- Coat of arms
- Flag

Location
- Ecclesiastical province: Canterbury
- Archdeaconries: Bromley & Bexley, Rochester, Tonbridge

Statistics
- Parishes: 218
- Churches: 268

Information
- Cathedral: Rochester Cathedral St Saviour's Pro-Cathedral, Southwark (1897–1905)
- Language: English

Current leadership
- Bishop: Jonathan Gibbs, Bishop of Rochester
- Suffragan: Simon Burton-Jones, Bishop of Tonbridge
- Archdeacons: Allie Kerr, Archdeacon of Bromley & Bexley Sandra McCalla, Archdeacon of Rochester Nick Cornell, Archdeacon of Tonbridge

Website
- rochester.anglican.org

= Anglican Diocese of Rochester =

Diocese of the Church of England

The Diocese of Rochester is a Church of England diocese in the English county of Kent and the Province of Canterbury. The cathedral church of the diocese is Rochester Cathedral in the former city of Rochester. The bishop's Latin episcopal signature is: " (firstname) Roffen", Roffensis being the Latinised adjective referring to Rochester.

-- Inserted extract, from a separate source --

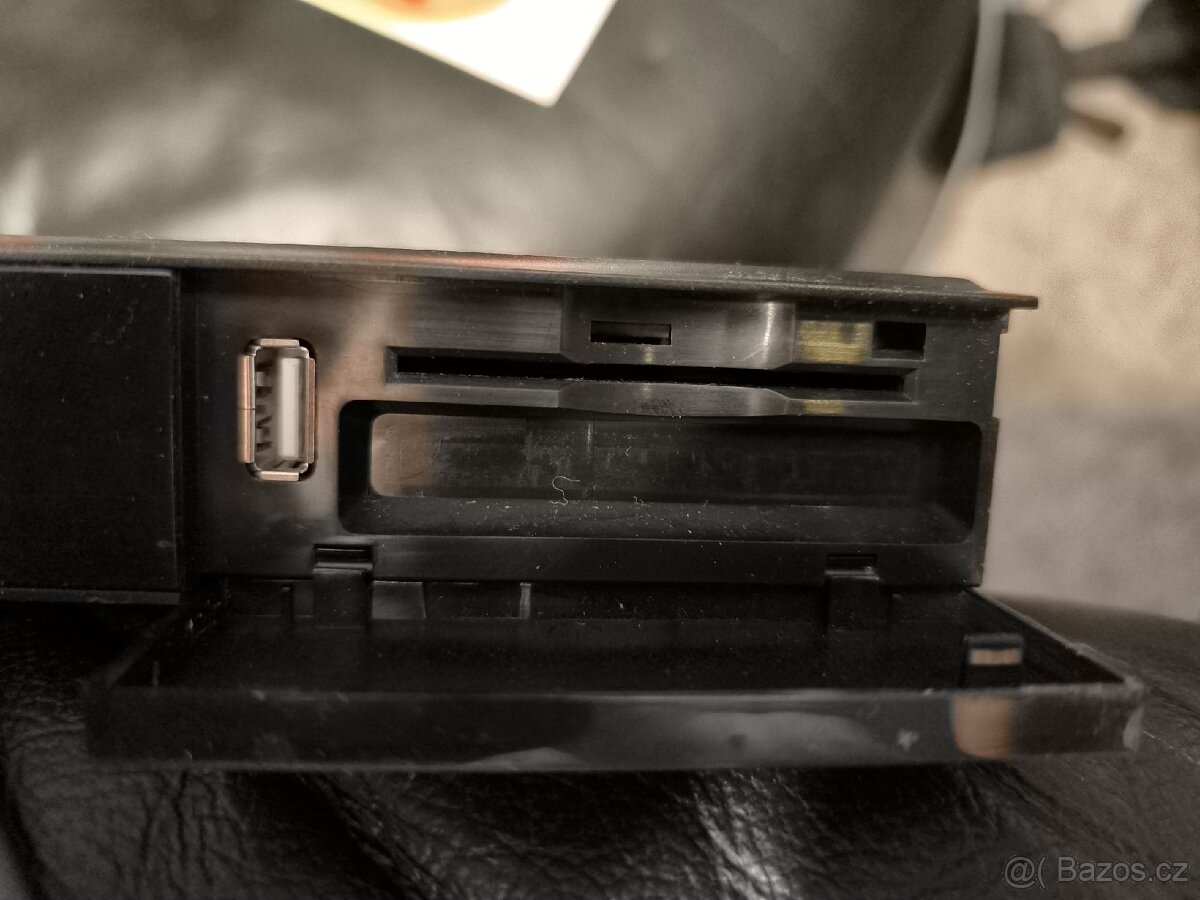 Satelitní přijímač AMIKO HD 8150 - 4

An ancient diocese, it was established with the authority of King Æthelberht of Kent by Augustine of Canterbury in 604 at the same time as the see of London. Only the adjacent Diocese of Canterbury is older in England. Its establishment was the first part of an unrealised plan conceived by Pope Gregory the Great for Augustine of Canterbury to consecrate 12 bishops in different places and another 12 for the prospective see (later province) of York.

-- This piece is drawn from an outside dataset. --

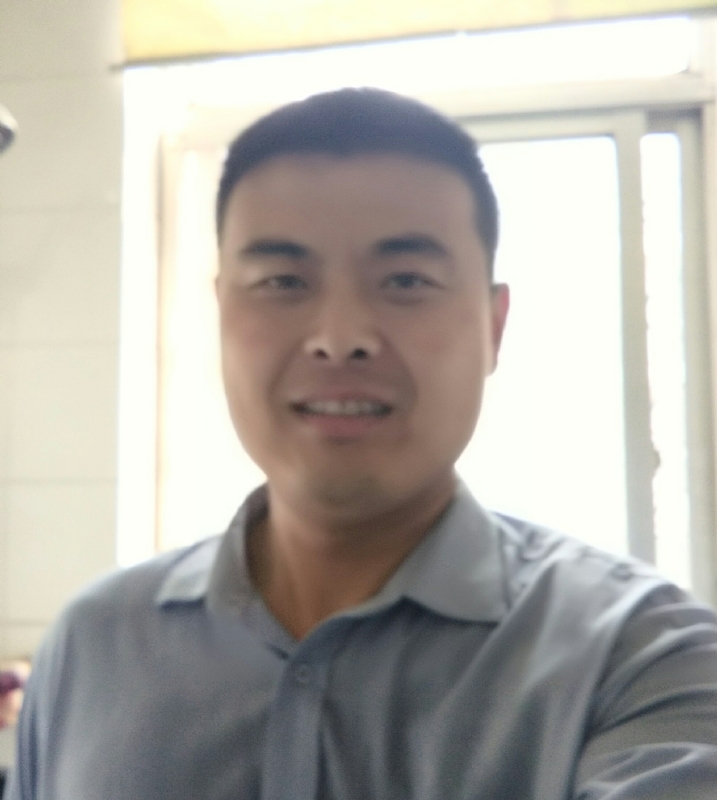 李伟的第一张照片--邢台相亲服务中心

The Rochester diocese includes 268 parish churches throughout:
- the western part of the county of Kent
- the London Borough of Bexley
- the London Borough of Bromley;

The diocese is subdivided into three archdeaconries:
- Archdeaconry of Bromley & Bexley (Archdeacon: Allie Kerr)
- Archdeaconry of Rochester (Archdeacon: Sandra McCalla)
- Archdeaconry of Tonbridge (Archdeacon: Nick Cornell);

The current diocesan boundaries roughly match its pre-19th century extent. On 1 January 1846 parishes in Hertfordshire from the dioceses of Lincoln and of London and Essex (from London diocese) were added to Rochester, while all West Kent parishes except those in the Rochester Deanery were transferred to the Diocese of Canterbury. In May 1877, Essex and Hertfordshire became part of the newly created Diocese of St Albans. On 1 August 1877, the Diocese of Rochester gained some northern parts of Surrey from the Diocese of Winchester and the Diocese of London which were later transferred to the Diocese of Southwark at its creation in 1905.

==Bishops==

The Bishop of Rochester is Jonathan Gibbs since the confirmation of his election, on 24 May 2022. The diocese also has a suffragan bishop: Simon Burton-Jones, Bishop of Tonbridge; the suffragan see of Tonbridge was created in 1959. Since 1994 the Bishop of Fulham (Jonathan Baker from 2013) has provided "alternative episcopal oversight" in the diocese (as well as in the London and Southwark dioceses) to parishes which do not accept the ordination of women to the priesthood. Baker is licensed as an honorary assistant bishop in the diocese for this ministry.

In addition to the diocesan and suffragan bishops, there are a number of other bishops licensed in the diocese:
- 2010–present: Stephen Venner, a retired Bishop of Dover, former Bishop for the Falkland Islands and Bishop to the Forces who lives in St Albans, Hertfordshire, where he is licensed as an honorary assistant bishop. Venner is also licensed in the Diocese in Europe.
- 2010–present: Michael Turnbull, a retired former Bishop of Durham and Bishop of Rochester who lives in Sandwich in the neighbouring Diocese of Canterbury, where he is also licensed.
- 2011–present: Graham Cray, a retired Archbishops' Missioner and "Fresh Expressions" team leader and formerly Suffragan Bishop of Maidstone who lives in Harrietsham in the Canterbury diocese where he is also licensed.